Thy Catafalque - Meta

Chronique CD album (66:46)

chronique Thy Catafalque - Meta

Après Slower Structure, album de musique classique en mai, et Neolunar, projet electro / trip-hop / new-wave, en juillet, Tamás Kátai donne aujourd'hui un successeur à Sgúrr de son groupe principal, Thy Catafalque. L'inspiration du monsieur semble aussi intarissable que mon imminent collègue Crom quand il s'agit de parler de la scène crust suédoise. Pour un groupe à la musique aussi dense et recherchée, un tel intervalle peut paraître court, surtout après un album de la trempe de Sgúrr. On aurait pu croire qu'avec les deux projets mentionnés plus haut, Tamás Kátai avait exploité ses idées les plus à la marge. Que nenni! Thy Catafalque est toujours ce grand barnum que l'on a connu jusqu'à présent, où se côtoient allègrement black metal, bruitages électro, folk, ambiant, chant féminin...

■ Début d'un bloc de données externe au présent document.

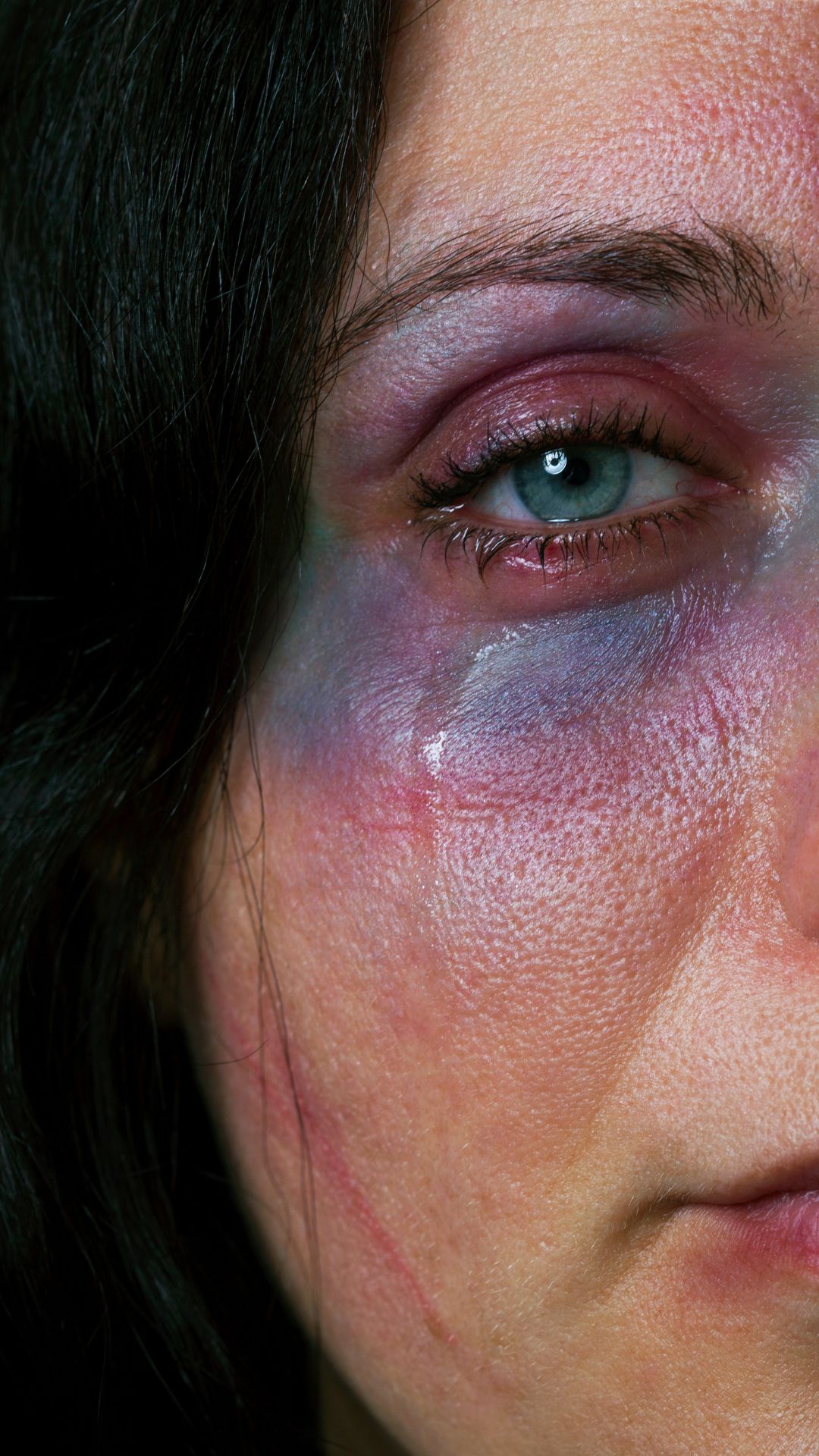 Mujer denuncia agresión por parte de su expareja en Sabana Yegua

À mesure des sorties, le groupe a toujours poussé un peu plus loin l'intégration de ces différents éléments, et Meta marque une nouvelle étape de cette évolution. D'un premier abord plus rêche, l'album semble accorder une part majoritaire au BM. Exemple flagrant de cette toute relative radicalisation, "Urania", placé en ouverture, qui démarre sur un metal noir des plus virulent pour se muer doucement en pièce pagan, avec chants guerriers et lead mélodique, que n'aurait pas renié Galar. Mais grâce à sa maîtrise personnelle des arrangements, le groupe arrive à manier les changement de style brutaux en les amenant de manière naturelle. Un titre de Thy Catafalque est un peu comme un roman de Terry Pratchett, un fois le décor inirial, on ne sait pas où l'auditeur / lecteur va être mené.

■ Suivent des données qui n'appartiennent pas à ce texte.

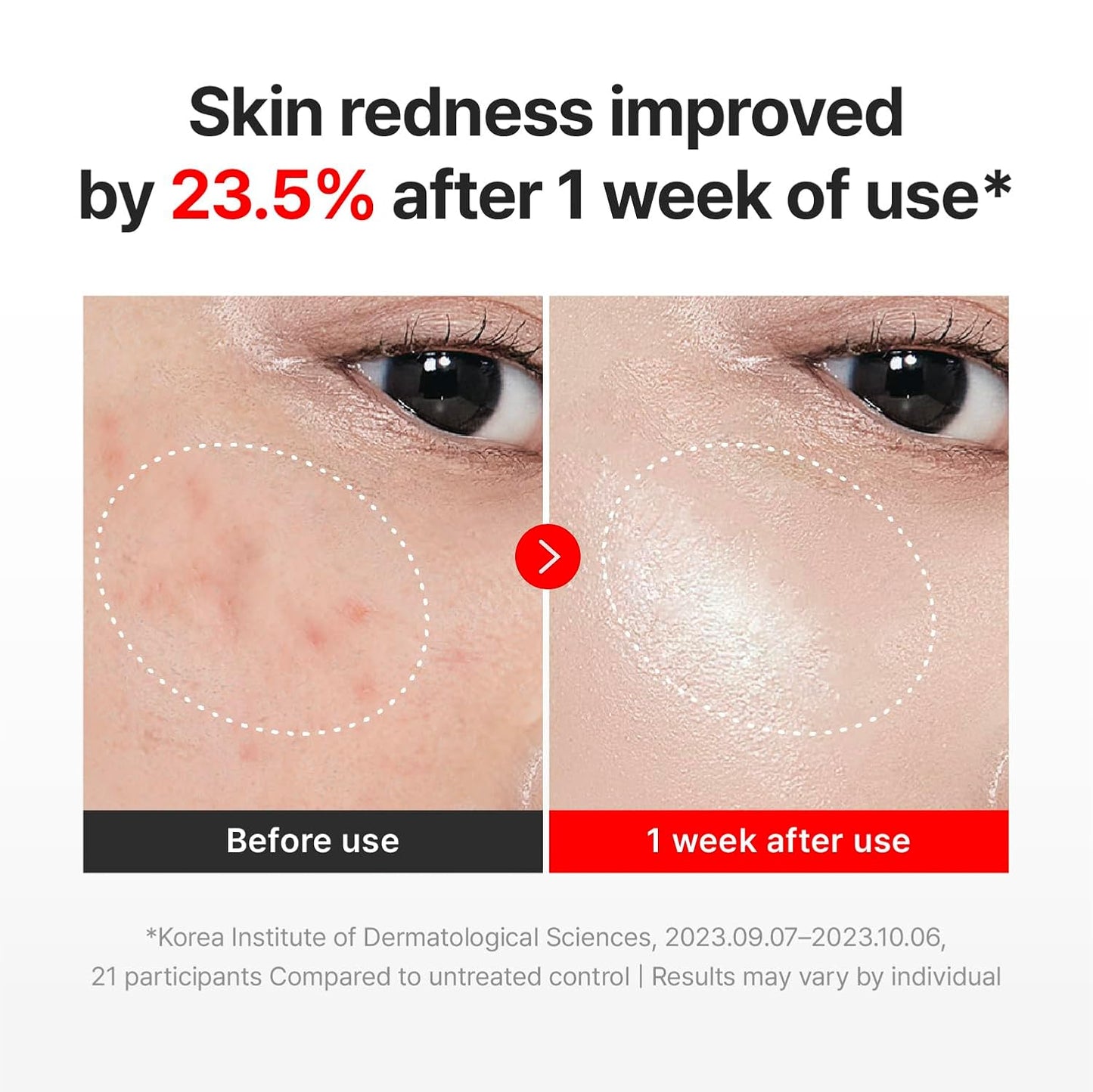 CENTELLIAN 24 Madeca Cream Time Reverse (1.69fl oz)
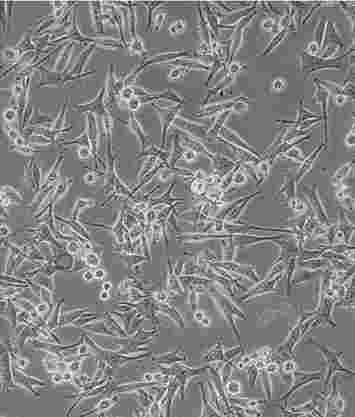 SP2/0:小鼠骨髓瘤细胞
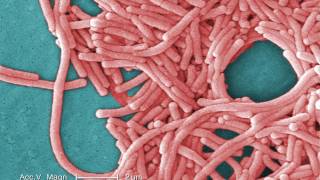 Legionnaires Disease What You Need to Know [upl. by Dewitt]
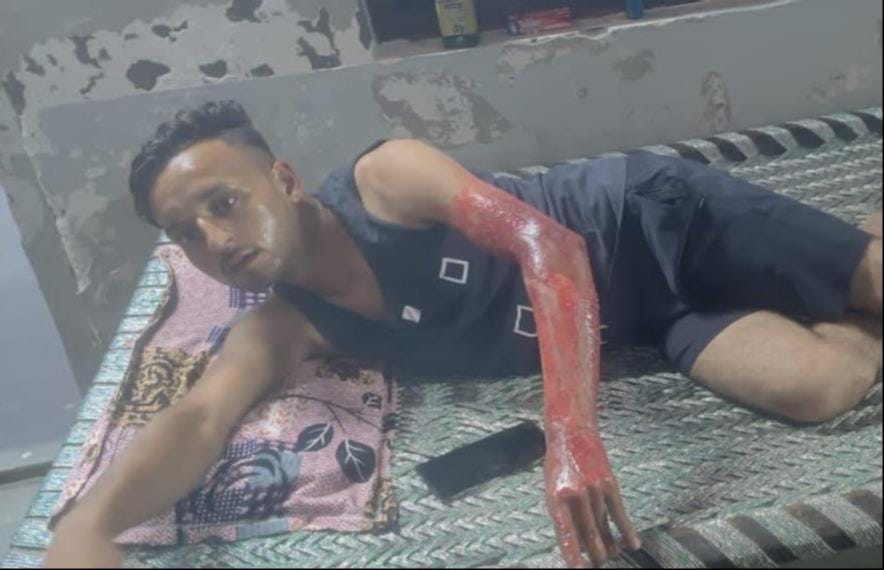 झिंझाना के बिडौली सादात में रेफ्रिजेरेटर का कंप्रेसर फटने से लगी आग में झुलसा युवक। संवाद झिंझाना के बिडौली सादात में रेफ्रिजेरेटर का कंप्रेसर फटने से लगी आग में झुलसा युवक। संवाद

Coupant l'album en deux, la longue plage « Malmok Jarnka » et ses 21 minutes, ressemble plus à un patchwork musical qu'à un tout cohérent, avec une multitude de parties et de styles différents juxtaposés sans soucis de cohérence visible. Qui plus est, ces derniers ne sont pas des plus inspirés et on frôle parfois l'ennui profond. Il est rare de prendre autant Tamás Kátai autant défaut (qu'est-ce que ce son de synthé aux alentours de la 13ème minute?).



Les choses repartent du bon pied dès le morceau suivant, pour refermer cet album sur des ambiances plus posées, toujours sombres mais moins vindicatives qu'en début de disque. On y retrouve pèle mêle une guitare stoner gavée de fuzz, un synthé digne de Wongraven ou Neptune Towers, un hommage à Black Sabbath et j'en passe, au travers trois titres relativement courts qui permettre de faire oublier le ventre mou. Et une nouvelle fois, le musicien hongrois nous fait la démonstration de son talent d'écriture et de sa capacité à mêler un large panel de style, tout en restant cohérent et intéressant.